Private investors risk losing more than $4 trillion in assets due to the devastating effects of climate change. Rising sea levels, intense flooding and more severe storms threaten to wipe out or diminish portfolios due to property damage, weaker growth and lower asset returns, the Economist Intelligence Unit said in a report Friday.
Assets at stake amount to roughly one-fourth of U.S. gross domestic product. The number could swell to nearly $14 trillion if the Earth’s temperatures warm by a staggering 6 degrees Celsius (10.8 degrees Fahrenheit) compared to the pre-industrial era. From the public-sector perspective, extreme warming represents value losses of $43 trillion, or 30 percent of the entire stock of the world’s manageable assets, the report said.
“Institutional investors need to assess their climate-related risks and take steps to mitigate them; very few have begun to do this,” the report said.
Climate scientists say the world is on track to warm by at least 2 degrees Celsius (3.2 degrees Fahrenheit) by 2050 if countries don’t take dramatic steps to reduce greenhouse gas emissions from power plants, tailpipes and buildings. Even lesser degrees of warming will have dire consequences for the world’s food supplies, coastal communities and human health.

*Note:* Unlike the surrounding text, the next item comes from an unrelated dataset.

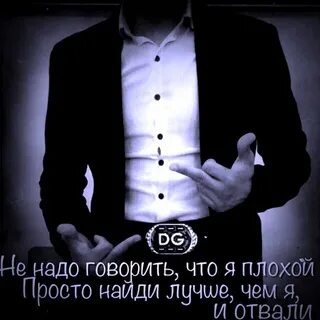 Имя фаррух национальность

The report arrives as leaders from nearly 200 nations are preparing for high-stakes climate change talks in Paris this December. Governments have agreed to forge a pact to slash their greenhouse gas emissions and help poorer nations adapt to climate impacts. But the emissions targets announced by countries so far suggest the treaty won’t be strong enough to make a meaningful dent in climate emissions.
“Investors currently face a stark choice,” said the report's editor, Brian Gardner, said in a statement.
Investors in fossil-fuel companies may see the value of their holdings decline if governments adopt strict limits on carbon dioxide emissions. But absent such regulations, investors could face “substantial losses across the entire portfolio of manageable assets” if little is done to limit global warming, Gardner said.
“Charting a path away from these two options should be a strong motivation for long-term investors to engage with companies in their portfolios and to shift investments towards a profitable, low-carbon future,” he said.